AITE

project

Image by Alan Warburton / © BBC / Better Images of AI / Plant / CC-BY 4.0

Presently, it remains opaque why machine learning systems (ML) decide or answer as they do. When an image classifier says "this is a train", does it 'recognise' the train or only the rails, or something totally different? How can we be sure that it decides as it does for the right reasons? This problem is at the heart of at least two debates: Can we trust artificial intelligent (AI) systems? And if so, on which basis? Would an explanation of the decision help our understanding and ultimately foster trust? And if so, what kind of explanation? These are the central questions, we want to address in this project.
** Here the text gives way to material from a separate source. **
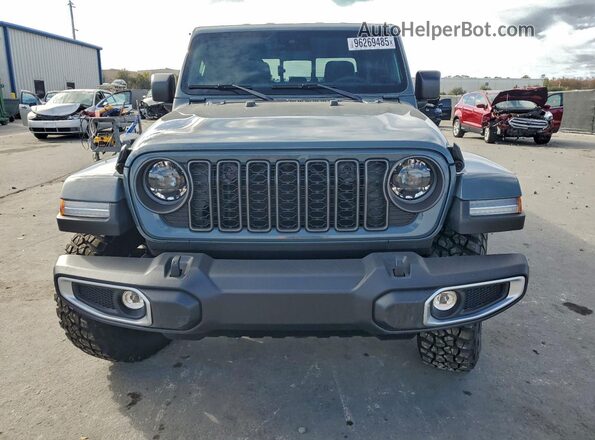 1C6PJTAG0SL518238 2025 JEEP GLADIATOR Серый Вид спереди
The project divides into three interrelated subprojects. In Subproject 1, we formulate epistemological and scientific norms on explanation to put constraints on explainable AI (XAI). In Subproject 2, we investigate moral norms of XAI, based on a classification of morally loaded cases of algorithmic decision-making. In Subproject 3, we analyse the notion of “trust” in AI systems and its relation to explainability. The three projects will collaborate to establish ethical, epistemological and scientific standards for trustworthy/reliable AI and XAI. We thereby contribute to the need to develop concrete action proposals. This will also be of interest to AI-engineers or institutions deploying AI-systems.

The project is a joint endeavour of the “Ethics and Philosophy Lab” (EPL) of the DFG Cluster of Excellence “Machine Learning: New Perspectives for Science” (ML-Cluster) and the “International Centre for Ethics in the Sciences and Humanities” (IZEW) at the University of Tübingen.